During the early 1950s, Ferro was member of the Graz Opera Company in Austria where his appearances included Mathis der Maler (Truchsess von Waldburg) and Parsifal (Titurel). He also appeared on European concert stages and toured with the Israel Philharmonic Orchestra. When Ferro returned to the United States in 1956, he took up an appointment as Associate Professor in the voice department at Butler University in Indiana. The 1960s found him in back in New York City, teaching at Hunter College and later at the Manhattan School of Music where he became chairman of the voice department. His student Cynthia Hoffmann would later also serve as chair of the voice department. During that time, he also performed in both musical theatre and opera, including leading roles in musicals with St. John Terrell's Company and other summer stock theatres, a revival of The Saint of Bleecker Street in New York City, and concert performances of Werther in Carnegie Hall and William Tell at Lincoln Center.

In 1972, Ferro joined the faculty of the Juilliard School, a post he held until his retirement as "vocal faculty emeritus" in 2006, after which he continued to give master classes there. However, his voice teaching extended far beyond Juilliard, both through his private voice studio in New York, and his master classes at many of the world's conservatories, including the Conservatoire de musique, Montréal, Royal Conservatory of Music in Toronto, Shanghai Conservatory of Music, Royal College of Music, Stockholm, Manhattan School of Music, and the Accademia Chigiana, where he was once a student.

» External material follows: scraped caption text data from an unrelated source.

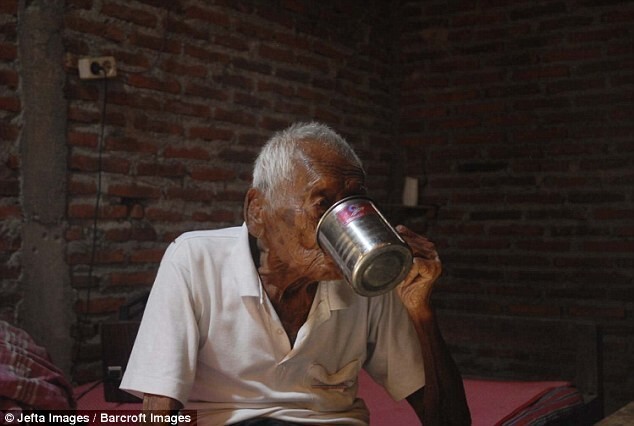 Самый старый человек в мире, которому 145 лет, живет в Индонезии
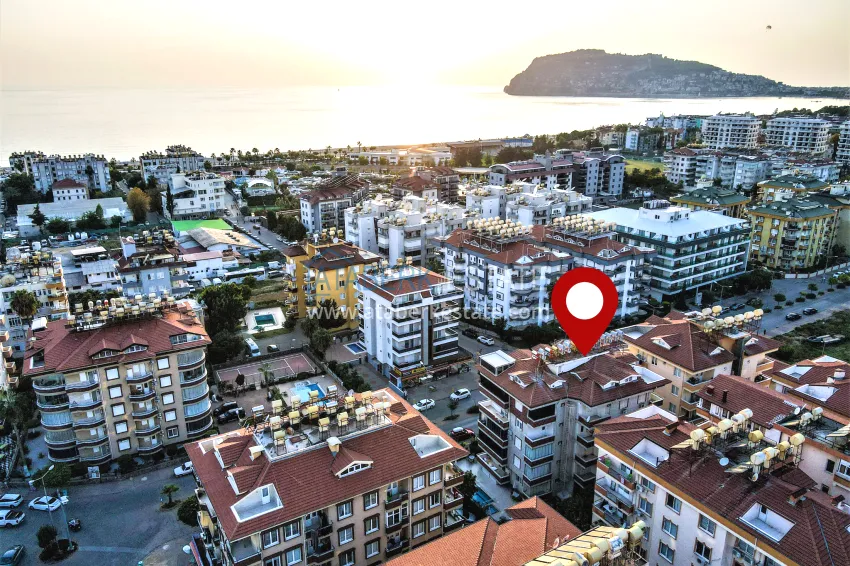 Property from owner in Alanya — three-room apartment with furniture in Oba 1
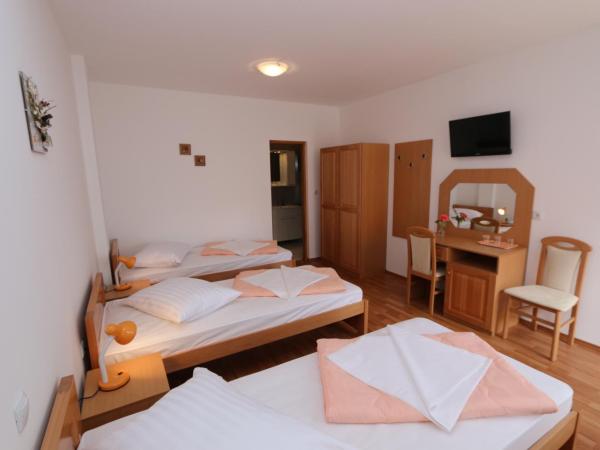 Pansion Comfort Sidro : photo 2 de la chambre chambre triple - rez-de-chaussée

In France, he taught at the Opéra de Paris, Paris Conservatory, and Fondation Royaumont; in 1988, he was made an Officier de l'Ordre des Arts et des Lettres by the French government for his services to music. The many prominent opera singers who studied with Ferro include Evelyn Lear, Thomas Stewart, Kathleen Battle, Alan Titus, Rosalind Elias, Patricia Brooks, Sheri Greenawald, Ruth Welting, Youngok Shin, and Richard Stilwell.

In 1995, Ferro founded the Daniel Ferro Vocal Program, which takes place each summer in Greve in Chianti, Italy. The program includes master classes and private voice lessons for young singers, as well as public performances in the Castello di Verrazzano and the town's piazza and churches. In 2011, the program faculty and students celebrated Ferro's 90th birthday.

Ferro died on 18 November 2015. His first wife, Beth Hollinger Ferro, died in 1974. His second wife, Joy, and his sons Matthew and Jesse survive him.

==Recordings==
• Gilbert & Sullivan: The Pirates of Penzance – Howard Kahl, William McGrath, Virginia Babikian, Rosalind Hupp, Maribeth Ostertag, Donald Johnston, Daniel Ferro, Ed Cabot. Studio recording, Louis Shankson conductor, Rondo Records ST-585, 1960.

• Rodgers & Hammerstein: The King and I – Barbara Cook, Theodore Bikel, Daniel Ferro, Jeanette Scovotti, Anita Darian. Studio recording, Lehman Engel conductor, Columbia Records, 1964. Re-released on CD by Sony Broadway in 1993.